RECORDS FOR THIS TASK >>
- Opening Delimiter -

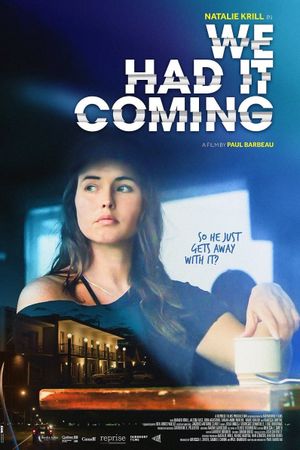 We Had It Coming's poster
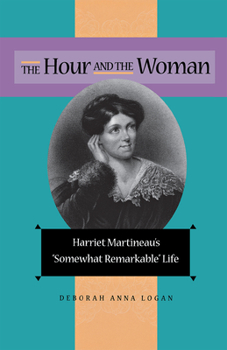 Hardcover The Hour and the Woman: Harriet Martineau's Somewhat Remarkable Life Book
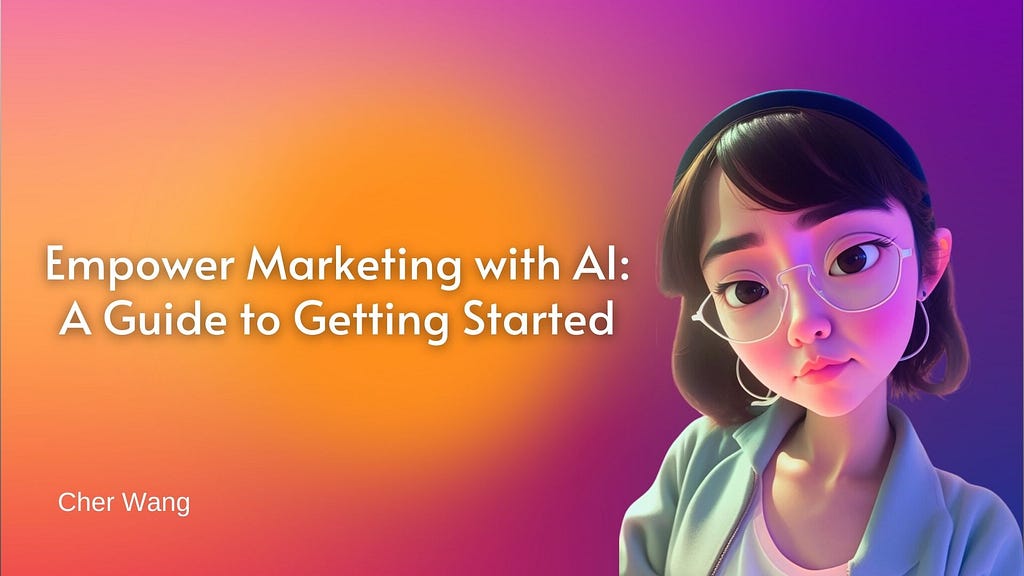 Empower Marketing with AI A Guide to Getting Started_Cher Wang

- Closing Delimiter -
- Opening Delimiter -

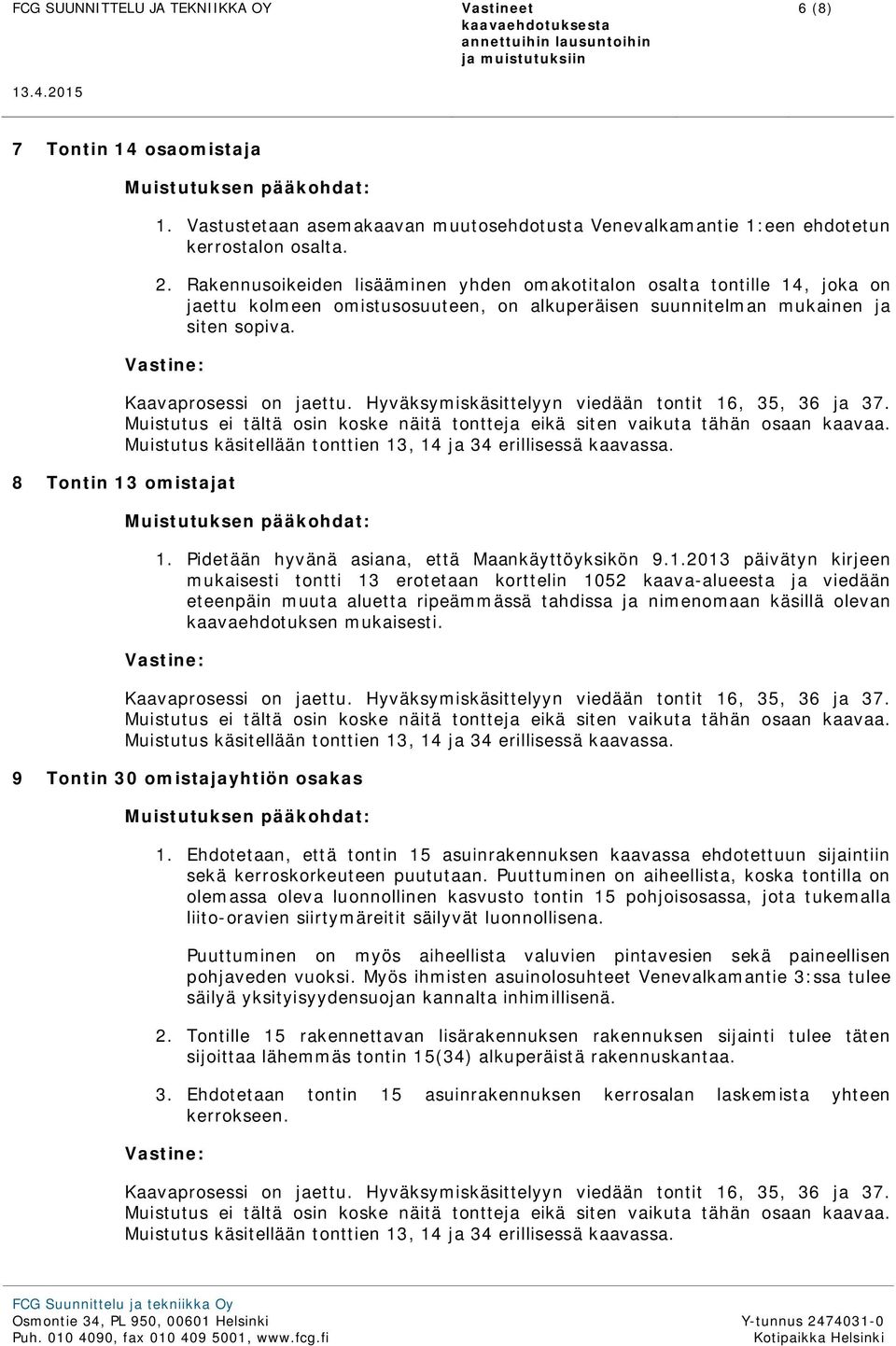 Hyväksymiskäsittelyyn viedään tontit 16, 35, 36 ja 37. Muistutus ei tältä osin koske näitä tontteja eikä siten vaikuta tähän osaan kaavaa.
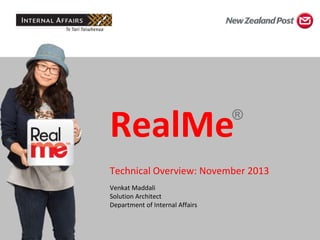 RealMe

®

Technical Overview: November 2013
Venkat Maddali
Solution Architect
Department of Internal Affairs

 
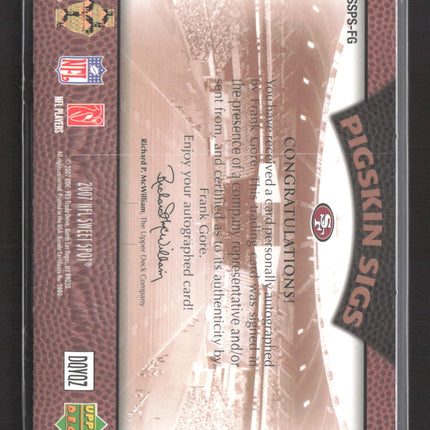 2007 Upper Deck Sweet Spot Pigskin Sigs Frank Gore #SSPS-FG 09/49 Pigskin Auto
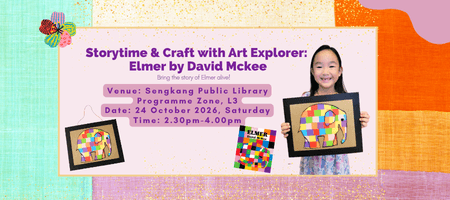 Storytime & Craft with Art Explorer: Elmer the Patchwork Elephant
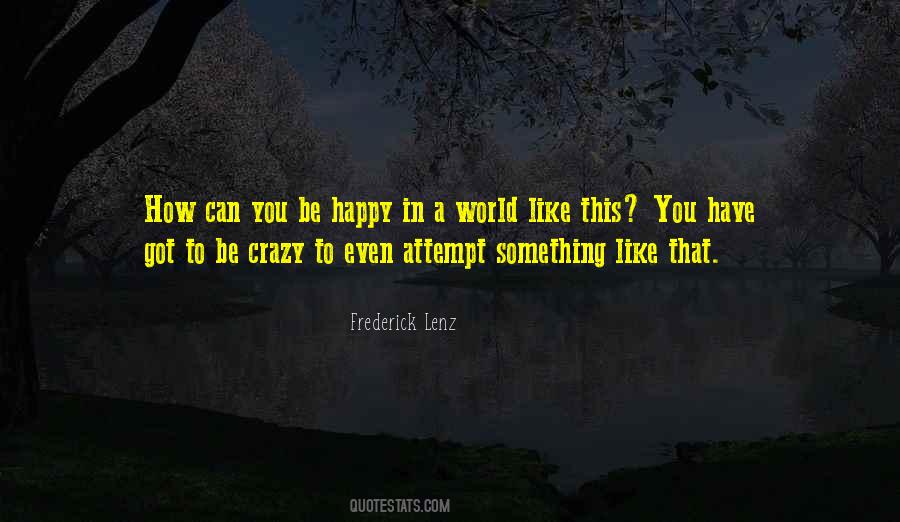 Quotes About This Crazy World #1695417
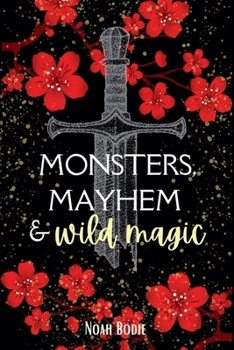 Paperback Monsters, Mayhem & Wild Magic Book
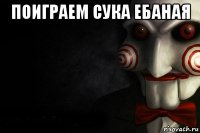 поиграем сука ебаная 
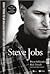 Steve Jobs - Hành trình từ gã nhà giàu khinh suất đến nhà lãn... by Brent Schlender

- Closing Delimiter -

PROBLEM REQUIREMENTS >> Find the line with "Quotes About This Crazy World #1695417" and the line with "Steve Jobs - Hành" in the records above. Copy both and all lines between them exactly, without pictures.

PROBLEM SOLUTION >>
 Quotes About This Crazy World #1695417
 Paperback Monsters, Mayhem & Wild Magic Book
 поиграем сука ебаная 
 Steve Jobs - Hành trình từ gã nhà giàu khinh suất đến nhà lãn... by Brent Schlender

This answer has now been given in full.